The endpoint of its diameter is (1,0) and (-3,4) , find the equation of the circle?

Question

how Find the equation of circle which passes through the points A(1,3) B(3,-1) C(4,0)? too?

Answer 1

(1).

The endpoints of the diameter are (1, 0) and (-3, 4).

The center of the circle = The midpoint of the two points (1, 0) and (-3, 4)

                                     =[(1-3)/2, (0+4)/2]

                                     = (-1, 2).

Radius of the circle = The distance between two points (1, 0) and (-1, 2).

                               = sqrt[(2-0)^2+(-1-1)^2]

                               = sqrt[4+4]

                               = sqrt[8].

Standard form of circle equation : (x - h)^2 + (y - k)^2 = r^2, where (h, k) = center and t = radius.

[x - (-1)]^2 + [y - (2)]^2 = 8

(x + 1)^2 + (y - 2)^2 = 8.

Answer 2

(2).

The points on the circle are A(1, 3), B(3, -1) and C(4, 0).

The general equation of the circle is x^2 + y^2 +2gx +2fy + c = 0.

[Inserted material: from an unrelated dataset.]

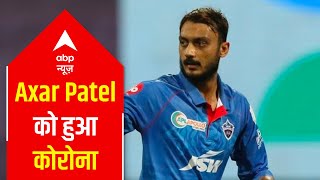 IPL 2021: Delhi Capitals' Axar Patel tests positive for Coronavirus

A(1, 3) ---> (1)^2 + (3)^2 +2g(1) +2f(3) + c = 0 ------> 2g +6f + c = -10 -----> (1).

B(3, -1) ---> (3)^2 + (-1)^2 +2g(3) +2f(-1) + c = 0 ------> 6g - 2f + c = -10 ------> (2).

(4, 0) ---> (4)^2 + (0)^2 +2g(4) +2f(0) + c = 0 ----> 8g + c = -16 ----> c = -16 - 8g ----> (3).

Equation 1: 2g +6f + (-16 - 8g) = -10 -----> - 6g +6f = 6 -----> - g + f = 1 -----> (4).

Equation 2: 6g - 2f + (-16 - 8g) = -10 -----> - 2g - 2f = 6 ----->  g + f = -3 -----> (5).

Add equation 4 and equation 5 -----> 2f = -2 ---> f = -2.

From equation 4: - g + (-2) = 1 -----> g = -3

From equation 3: c = -16 - 8(-3) -----> c = 8.

The circle equation is x^2 + y^2 -6x -4y + 8 = 0.